Estando reunidos los fariseos, Jesús les hizo esta pregunta: —¿Qué pensáis acerca del Mesías? ¿De quién es hijo? Ellos respondieron: —De David. Él les dijo: —Entonces, ¿cómo David, inspirado, lo llama Señor, diciendo: Dijo el Señor a mi Señor: Siéntate a mi derecha hasta que haga de tus enemigos estrado de tus pies? Si David lo llama Señor, ¿cómo puede ser su hijo? Ninguno pudo darle una respuesta, y en adelante nadie se atrevió a hacerle preguntas. Mt 22, 41-46
Después de varias perícopas en que son los que se erigen en criterio de interpretación los que vienen a preguntarle, ahora nos encontramos con que es Jesús el que pregunta. Esto nos puede llevar, por nuestra parte, a preguntarnos: ¿cómo pregunta Jesús? Sin duda, pues es la Vida, para llevarnos a más. Nos perderíamos su pregunta si nos diera por sospechar que sus preguntas son como las nuestras, que quieren hacernos caer en alguna trampa o traen malicia en alguna medida, incluso pequeña. Sí puede que sus preguntas, que buscan abrir nuestra inteligencia y nuestro corazón, tengan esa astucia sencilla que nos ha recomendado en otra ocasión (cf. Mt 10, 16).
A los fariseos, que se preguntan y esperan como anhelo central de su vida al Mesías, les pregunta qué piensan acerca de él. Su respuesta es inmediata: el Mesías es hijo de David, como está escrito. Hasta aquí, todo claro. Pero entonces Jesús les hace una pregunta más difícil. Una pregunta que sin duda algunos de ellos, apasionados lectores de la Biblia, ya se han hecho: Entonces, ¿cómo David, inspirado, lo llama Señor, diciendo: Dijo el Señor a mi Señor: Siéntate a mi derecha hasta que haga de tus enemigos estrado de tus pies? Si David lo llama Señor, ¿cómo puede ser su hijo?

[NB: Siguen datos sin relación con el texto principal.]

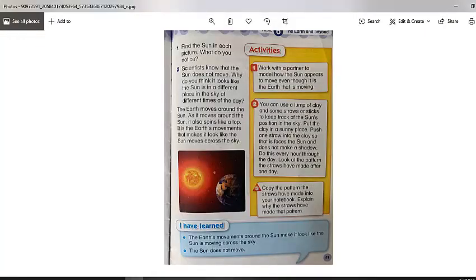Let's go back to your book, number two: scientists know that the Sun doesn't move — why do you think it looks like the Sun is in a different place in the sky at different times of the day? Sometimes you see it in the east, sometimes in the middle of the sky, sometimes in the west. This is because of the Earth's movement, which makes it look like the Sun moves across the sky. The Sun doesn't move at all — it stays in its place, but the Earth spins around the Sun and around itself to make day and night.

Este tipo de preguntas que indagan en el texto son comunes entre los estudiosos de la Torah. Las preguntas sirven para hacer avanzar el conocimiento. Incluso si son preguntas desconcertantes, arriesgadas, que rompen o pueden romper con lo que conocíamos, hay que hacerlas, si lo que queremos es la verdad, si queremos ir más allá. Jesús nos enseña también con esto cómo se conduce la verdadera humanidad: te preguntas, preguntas a la Palabra de Dios lo que no entiendes de ella desde la apertura, desde la confianza.

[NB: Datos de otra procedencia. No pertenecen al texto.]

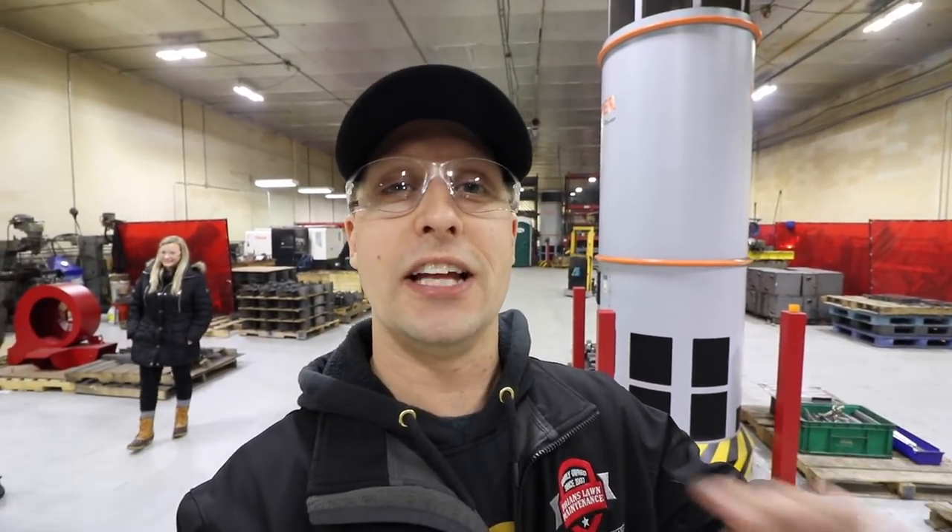Check out these air purifier towers — $15,000 each. These things, every 10 minutes, recycle the whole facility's air. 99.97% clean air, which is awesome. Taking care of your people — they've got three of these things. How cool is that?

Jesús ha preguntado a los fariseos y ellos no le han respondido. Porque sus ideas acerca de la Torah no les permitían hacerse esta pregunta, o porque sus ideas acerca de debatir con Jesús fueran el motivo del freno. El caso es que ellos, apasionados de la Palabra, no se dejaron llevar por el amor a la Palabra sino por el temor a incurrir en falta o por la desconfianza hacia la pregunta de Jesús, hacia su persona o hacia su modo libre de preguntarse.
Esta escena nos hace caer en la cuenta de que hay modos abiertos y modos cerrados de estar en la vida. Los modos abiertos son los que se dejan conducir por las pistas (las que deja la Palabra de Dios, en este caso) a la hora de abrirse a la realidad. Los modos cerrados son los que, quizá teóricamente abiertos, se frenan cuando los cómos o los quiénes o los posibles adónde te frenan para abrirte efectivamente en una dirección nueva.
Para abrirnos al Dios de la vida hay que permanecer despiertos a las sugerencias, a las pistas que pone en nuestro camino, incluso si desconciertan a nuestra lógica o a nuestras expectativas o a nuestros deseos.
Abriéndonos, la vida se abre a más Vida.